音声+文書:信仰の列伝(9) 信仰がなくては(2)へブル人への手紙11章6節

デンマークの画家 Niels Larsen Stevns (1864 – 1941) による「Christ And Zacchaeus(キリストとザアカイ)」(デンマークのRanders Museum of Art蔵、Wikimedia Commonsより)


2016年9月25日 (日) 午前10時半
礼拝メッセージ  眞部 明牧師

へブル人への手紙11章6節
信仰がなくては、神に喜ばれることはできません。神に近づく者は、神がおられることと、神を求める者には報いてくださる方であることとを、信じなければならないのです。

はじめの祈り

「信仰がなくては、神に喜ばれることはできません。神に近づく者は、神がおられることと、神を求める者には報いてくださる方であることとを、信じなければならないのです。」
恵みの深い天のお父様、こうして、恵みの中で暑い夏も過ぎ去り、今年も9カ月の間お守りくださり、感謝をいたします。その間、私たちの信仰は、イエス様に留まり続けて、イエス様をあかしできますことを感謝いたします。
いろんな課題や困難、病を、様々なところで経験しましたけれども、イエス様が助けを与えて下さり、導いて下さり、いつも働いてくださるイエス様を信じて、内に経験して、この一週間を始められますことを感謝いたします。
イエス様がともにいてくださる幸いを、深く心に経験して、礼拝をささげることができますように。
様々な課題や、ホームにおられる方々の上にも、助けを与えて下さり、ご家族のために奉仕をしておられる方にも、イエス様の助けをお与え下さり、信仰もお守りください。
この時を感謝して、尊いイエス様の御名によってお祈りいたします。アーメン。


今日は、信仰の列伝(9)、「信仰がなくては」という題で、お話させていただきます。

この11章6節では、神様が喜ばれる信仰者の特徴を、二つ記しています。

これらの信仰は、まず、健全に、みことばに基づいたものなければなりません。もし、その信仰が自分の知恵や、考えや、自分の欲から出たものであれば、決して、神様を喜ばせることはできないからであります。
自分が何か得をしたい、何かを得たいからそう信じます、というような、ご利益宗教になりやすいことですけれども、そういう信仰では、神を喜ばせることはできません。
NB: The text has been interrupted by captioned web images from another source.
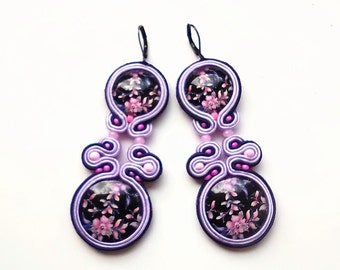 Earrings, soutache earrings, hand embroidered, violet colors, flowers, soutache embroidery Viola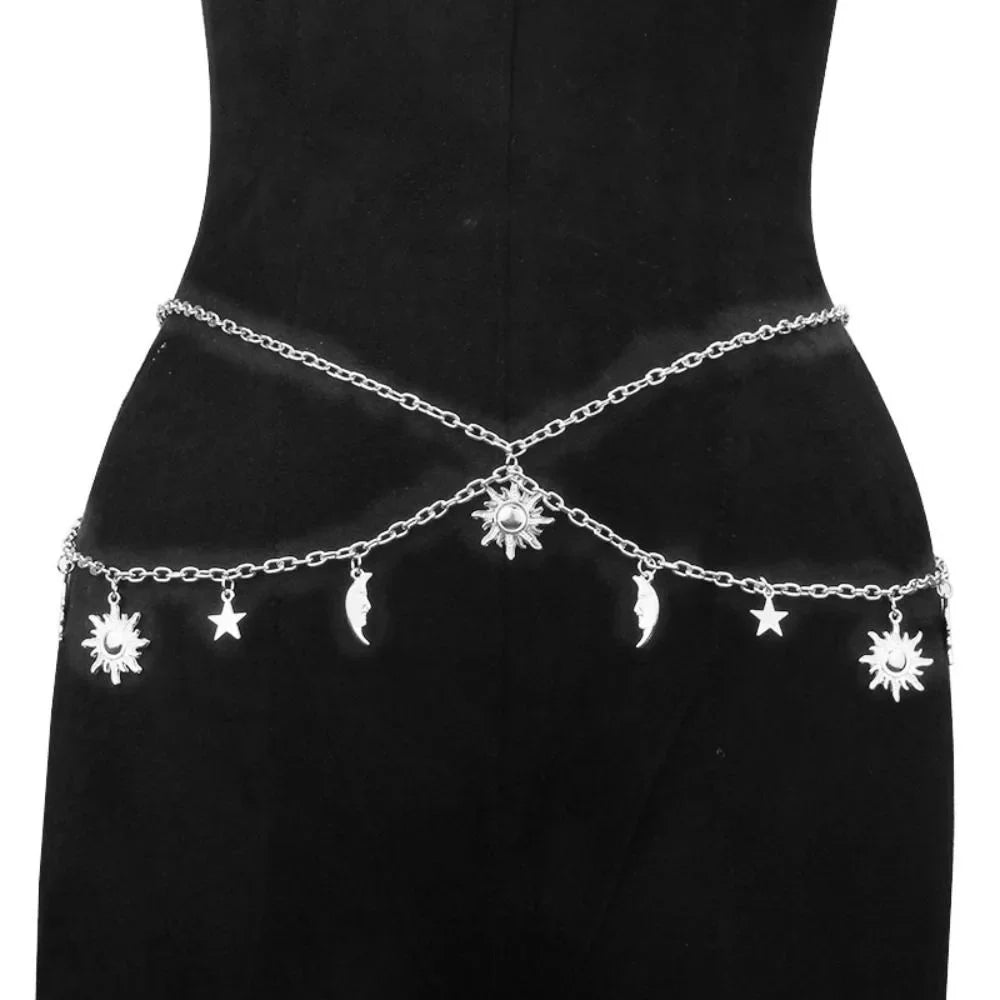 Punk Hip Hop Sun Waist Chain Belt – Vintage Gold & Silver Metal High Waist Chain for Women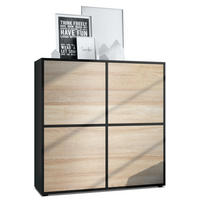 HIGHBOARD Cuba Türen in Eiche sägerau - Eiche San Remo, Holzwerkstoff (104/105.5/35.5cm) - Vladon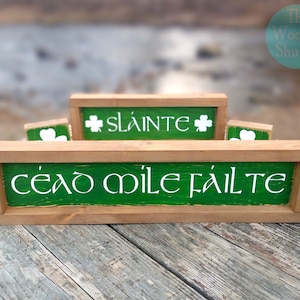 Decoración para el hogar del Día de San Patricio / Bar irlandés / Pub irlandés / Letrero de madera irlandés pintado a mano / Slainte / Cead Mile Failte / Bloques de trébol / 4 piezas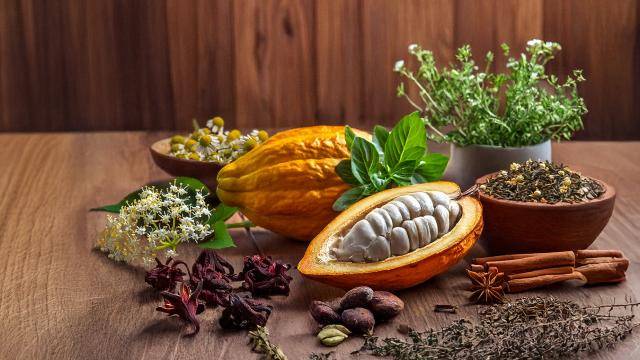 cacaofruit and herbs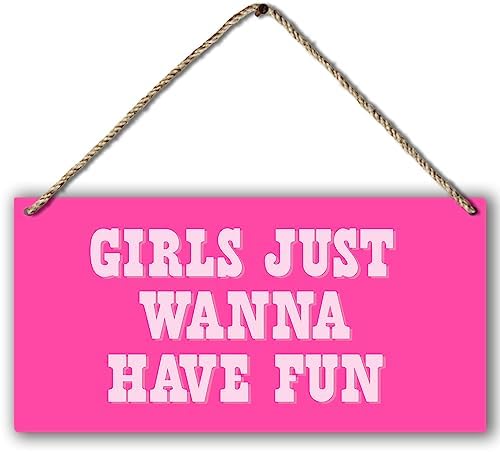 Hot Pink Preppy Girls Just Wanna Have Fun Printed Wood Plaque Sign Wall Hanging,Trendy Preppy Hanging Wall Signs for Girls Room College Dorm Bachelorette Party Decor 12 x 6 Inches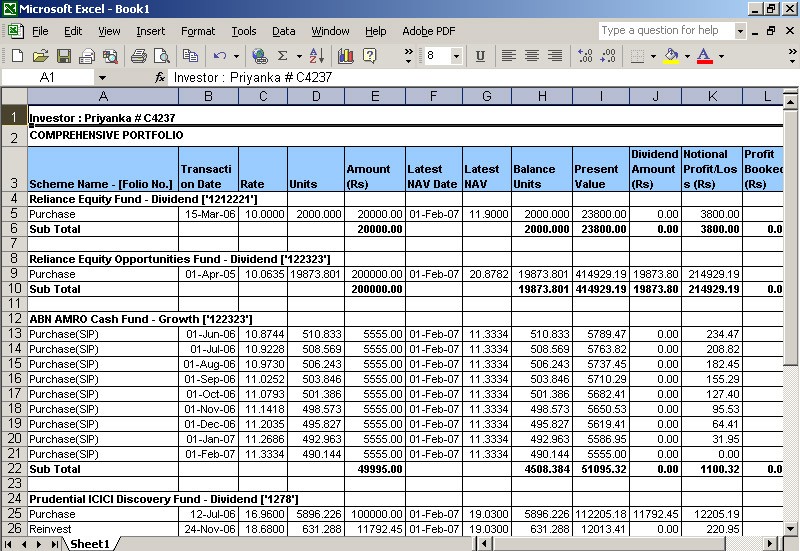 Investing Portfolio Tracking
まず第一は、「神に近づくものは、神がおられること・・・・・を信じなければなりません」

これは、当たり前のことを言っているように見えますけれども、クリスチャンは、この当たり前の信仰が、うやむやになっていることがあります。
理屈の上ではわかっているかもしれませんが、神のみことばを読むとき、そのみことばの中に、神様がおられることを信じているでしょうか。
主に祈る時、主がともに祈っていてくださることを信じているでしょうか。
主を讃美するとき、現実にその場に主が臨在しておられることを信じているでしょうか。

マタイの18章19~20節を読んでみましょう。
マタイ18:19 まことに、あなたがたにもう一度、告げます。もし、あなたがたのうちふたりが、どんな事でも、地上で心を一つにして祈るなら、天におられるわたしの父は、それをかなえてくださいます。
18:20 ふたりでも三人でも、わたしの名において集まる所には、わたしもその中にいるからです。」

神様は、主がともにいてくださる条件を、どのようにあげているでしょうか。
それは、「心を一つにして祈る」ことであります。

「わたしの名によって集まる」と言っていますが、牧師の名によって集まる人があるかもしれないし、有名な人の名によって集まる人があるかもしれないし、教会の名によって集まる人があるかもしれませんけれども、イエス様がともにいてくださるところは、イエス様の名によって集まるんですね。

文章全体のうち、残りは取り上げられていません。